Dealing with rejection is an unavoidable part of…most of life, really. Writing is no exception. The demand for books and short stories is less than the supply, so you can do the math. This is a big part of why it took me fifteen years to rediscover my childhood love of writing. Here are some strategies I’ve developed to help me cope.
1. Realize it’s normal. Seriously. Pick your favorite author. Research them. They probably have a harrowing story of rejection. J.K. Rowling and Harry Potter? Rejected 12 times. Stephanie Meyer and Twilight? Rejected 14 times.
2. Make it a game. In 2019, I’ve decided I “win” if I collect 50 rejections. I even have a pretty spreadsheet to help me keep track. And yes, I did add dog emoticons to the title to make me feel better about it because DOG!
3. Read some inspirational quotes. From Meg Cabot’s website: “You are not a hundred dollar bill. Not everyone is going to like you … or your story. Do not take rejection personally.”
Or, from Mur Lafferty’s I Should Be Writing Podcast: “If you get a rejection that means you’re a working writer because working … people who don’t get rejections are usually people who are not trying.”
4. Maintain a healthy work/life balance. Even if writing is “for fun” and not your main source of income, it is work. Don’t write to the exclusion of spending time with your friends and family and taking care of your health.
5. Drink lots of water, eat plenty of fruits and vegetables, and exercise. Heck, it’s the answer for everything else, so why not try it here?

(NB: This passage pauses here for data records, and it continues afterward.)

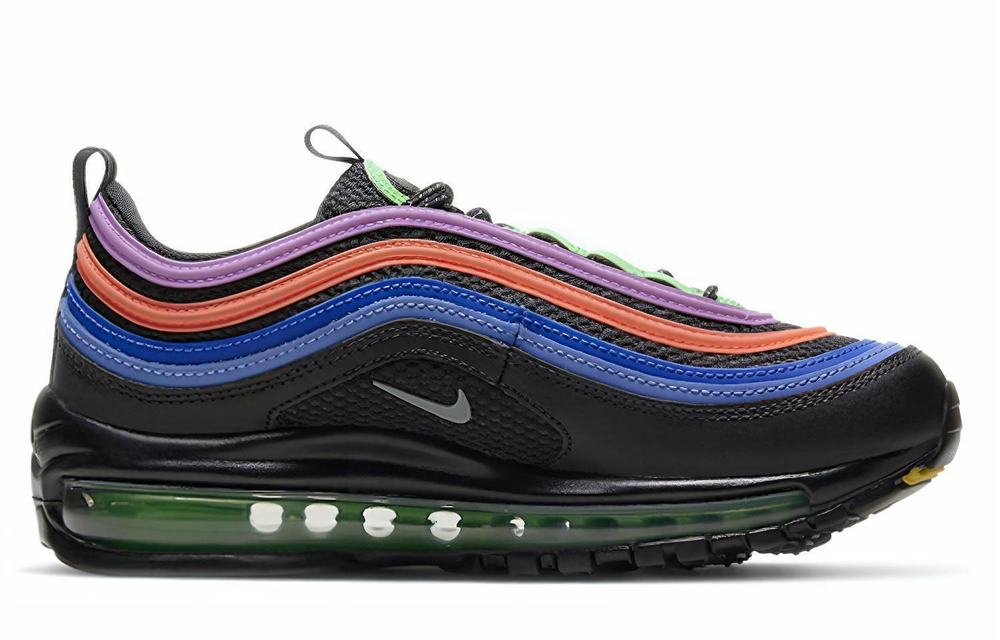 Кроссовки Nike Air Max 97 Black Multi (Женская размерная сетка)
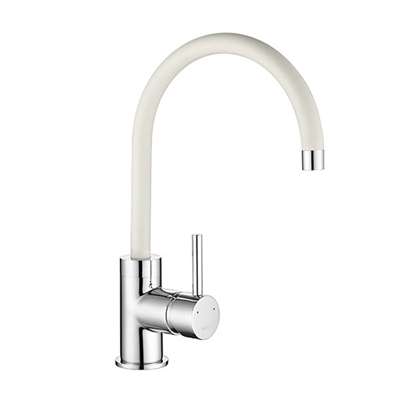 Picture of The 1810 Company: The 1810 Company Courbe Duo White And Chrome Tap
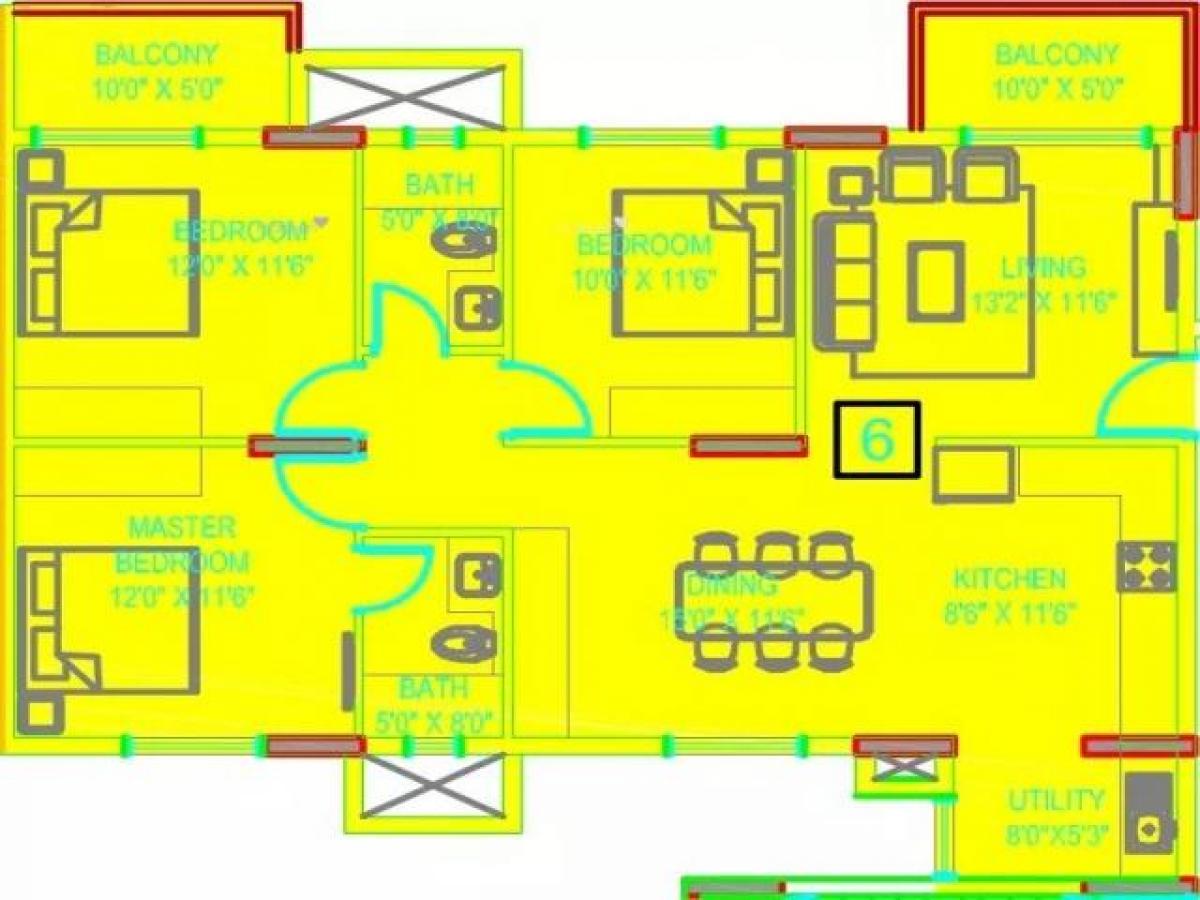 Дом с 3 спальнями в Бангалор, Индия № 2024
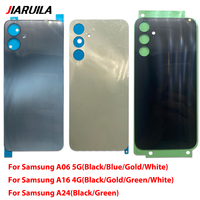 Cache arrière en verre pour batterie Samsung A06 5G A14 A145F A146B A16 4G A24, remplacement du boîtier arrière avec autocollant adhésif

6. Get different pens. There’s very little a good pen can’t solve. Even if you always write digitally.
7. Sacrifice a chicken to appease the Rejection Gods. Wait. Hold on. The chicken didn’t do anything to deserve that, and chicken blood stains like you wouldn’t believe. Consider a carpet-friendly alternative such as sacrificing a Peep.
Joking aside, rejection isn’t fun. The good news is a rejection doesn’t indicate how much I’ve learned creating the story. Rejection is a necessary part of working toward the eventual goal– acceptance. It’s a cost I’m willing to pay.